Dans nos économies, la créativité et l’innovation sont des facteurs essentiels de la compétitivité et la croissance des entreprises. Ce modèle est entièrement soutenu par les droits de propriété intellectuelle et leur contribution à l’économie.

L’avenir du secteur créatif est également lié avec une augmentation exponentielle de la quantité de données collectées quotidiennement dans le monde entier via ces applications. Aujourd’hui, l’économie des industries créatives et culturelles est extrêmement liée à celle de la collecte de données notamment personnelles sur les publics. 

Par ailleurs, la propriété intellectuelle est souvent attaquée et critiquée par les partisans d’une plus grande accessibilité des contenus et des informations sur Internet. La propriété intellectuelle est parfois perçue comme un frein, limitant la capacité d’échange culturel ou d’innovation dans le monde.

Code de la propriété intellectuelle

C’est le résultat de la révolution numérique liée à l’arrivée d’Internet qui a facilité la reproduction infinie des œuvres et, la transmission d’informations et de contenus entre les utilisateurs à l’international. Techniquement, les fichiers incorporant des œuvres de l’esprit, comme les contenus audiovisuels, ou les musiques peuvent être échangés, notamment de « pair à pair », partout dans le monde.

La philosophie d’accessibilité universelle aux informations, qui a guidé la création de l’Internet que nous connaissons, a porté atteinte à la propriété intellectuelle et au droit d’auteur dans un premier temps.

En effet, l’efficacité du droit d’auteur a été compromise par l’essor des technologies numériques et d’Internet.

Cependant, il faut être conscient que la propriété intellectuelle permet à la création et à l’innovation de prospérer notamment en matière technologique et numérique, car elle assure la rémunération des créateurs et des auteurs.

Le droit de la propriété intellectuelle a toujours dû équilibrer les intérêts des créateurs et l’intérêt général.

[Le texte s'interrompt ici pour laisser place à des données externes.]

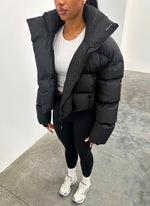 Vintage Shawl Collar Puffer Jacket - Black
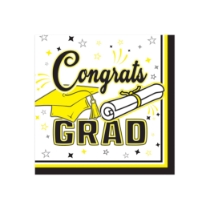 Yellow Congrats Grad Beverage Napkins (Pack of 432) yellow graduation napkins, congrats grad napkins, 2 ply beverage napkins, yellow party napkins, graduation tableware, quarter fold napkins, Party Express graduation supplies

ENI : C’est votre premier livre aux Éditions ENI (1er livre tout cours), comment le projet est-il né ? Quel bilan tirez-vous de cette expérience ? Avez-vous l’envie ou le projet d’en réécrire ?

SCA : J’ai été ravi de la collaboration avec les Éditions ENI avec qui j’ai pu avoir des contacts régulièrement pour suivre le travail d’écriture. J’en tire un bilan très positif.

L’audience des éditions ENI me parait particulièrement intéressante pour publier des livres juridiques, car les ouvrages s’adressent à des professionnels et experts des domaines du numérique et de l’informatique qui gagnent à connaitre le cadre juridique de leurs activités. J’espère effectivement que la lecture de livre permettra à ces professionnels de se former sur les problématiques juridiques et de trouver la réponse à leurs questions. Je serai ravi de proposer une nouvelle version de ce livre intégrant les prochaines législations à venir en matière de crypto actifs, de NFT ou encore d’intelligence artificielle.

Avocat au Barreau de Paris, Sydney CHICHE-ATTALI accompagne ses clients dans les domaines du numérique, des nouvelles technologies et des industries culturelles et créatives. Passionné par le rapport entre le droit et le numérique, il a souhaité rédiger cet ouvrage pour rendre accessible le droit aux professionnels de ces secteurs.